At first, it was patchy, good enough only for ‘routine’ tasks such as resetting a password, ordering a cheque book or updating an account’s balance. That left all the stakeholders—the company, customers, and the human agents—wanting more. Complaining customers fret about talking to chatbots who can’t comprehend their ‘intent’. Human agents, on the other hand, have to turn the other cheek and endure the ire of customers (and frequently, their abuse) to ensure the company they represent appears to put the customer first.

But today, customer engagement is dramatically changing thanks to AI. Generative AI (GenAI) powered chatbots are far better in comprehending and processing human languages and addressing customer needs than their earlier avatars.

So much so, that in a 24 April interview with The Financial Times, K. Krithivasan, chief executive officer (CEO) of the $30 billion tech services major TCS, said that AI will result in a “minimal" need for call centres within a year. “Chatbots will soon be able to analyse customers’ transaction history and do much of the work done by call centre agents," he noted.

But there is a dark lining on that silver cloud.

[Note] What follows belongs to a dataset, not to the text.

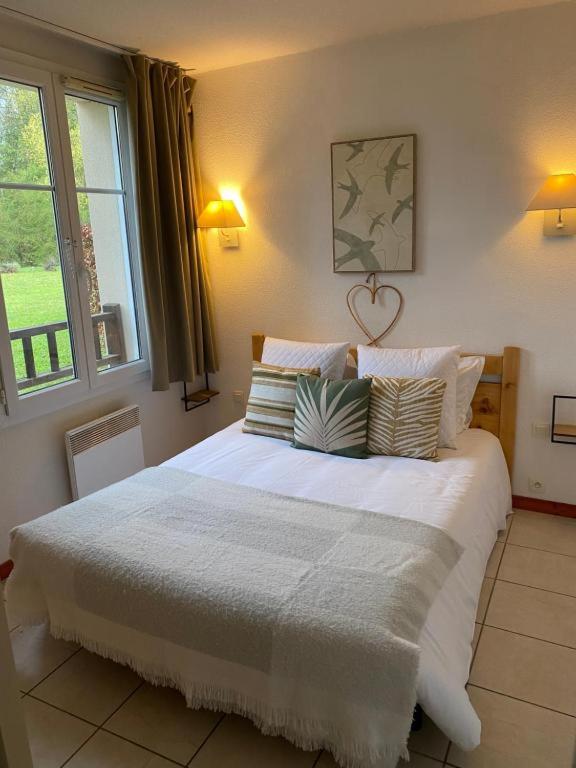 a bedroom with a large white bed with pillows at Charm Burgundy in Levernois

The outsourced contact centre industry, pegged to be worth $120-130 billion globally at the end of 2023, will contract to $95-105 billion in the next three to four years, according to Everest Group, a research and advisory group specializing in the global services industry.

5.The Indian elections is turning into a You Tube elections

The ongoing national elections have turned out to be a YouTube (YT) election, The Economic Times reports. Unlike the 2014 and 2019 Lok Sabha elections, when Facebook and WhatsApp were the dominant platforms respectively for electoral campaigning, YouTube has emerged as the principal digital arena for political debate and discourse. 

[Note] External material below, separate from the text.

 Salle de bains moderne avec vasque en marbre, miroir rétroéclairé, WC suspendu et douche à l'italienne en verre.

YT now has over 500 million subscribers in India, almost as much as WhatsApp users. The Aam Aadmi Party leads the league table among political parties with 6.26 million YT subscribers, closely followed by the Bharatiya Janata Party (BJP) with 5.9 million followers and the Congress Party in third position with 4.77 million subscribers. The BJP and the Congress also spent the most on video advertisements on Google, the former spending Rs 50.4 crore (~$6 million), while the latter spent half of that. 

6.Ukraine loses ground

Russia made significant battlefield progress against Ukraine. Moscow’s troops are winning more land each day than at any point since the early days of their 2022 invasion, while Kyiv’s forces are trading blame in retreat, The New York Times reported. Ukraine’s top general admitted that the situation in the northeastern Kharkiv region was “difficult,” while another commander told the BBC of his frustration at seeing Russian troops walk across virtually unopposed. Russian momentum is in part thanks to squabbles — now resolved — in Washington over aid to Kyiv, the military expert Phillips P. O’Brien wrote, resulting in a Ukraine hamstrung by a lack of materials.

7.BAFTA TV Awards: ‘Top Boy,’ ‘Happy Valley’ Win Two Each as ‘The Crown,’ ‘Black Mirror’ Miss Out

Happy Valley and Top Boy shared the BAFTA love on Sunday night at the British Academy’s prestigious Television Awards in London’s Royal Festival Hall.

Sarah Lancashire took home the top prize for her performance in Sally Wainwright’s Yorkshire-based police thriller, and fellow Briton Timothy Spall beat Succession‘s Brian Cox to win the equivalent award, best leading actor, for The Sixth Commandment – which also won two BAFTAs.

8.Auroras mesmerize the globe

The strongest solar storm in more than 20 years slammed into Earth this weekend, creating dazzling auroral displays and disrupting infrastructure. 

The Northern Lights were seen as far south as Mexico and India, while the Southern Lights delighted skygazers in Tasmania and parts of Australia. Auroras are the beautiful consequence of coronal mass ejections, which are flares that erupt from sunspots on the sun. These CMEs were powerful enough to interfere with Elon Musk’s Starlink internet service and affect some GPS systems — highlighting the vulnerability of essential space-based services to these events — but they can also affect the grid on Earth, too. There may be more to come: The sun is in a period of intense activity that could result in more, and even stronger, storms.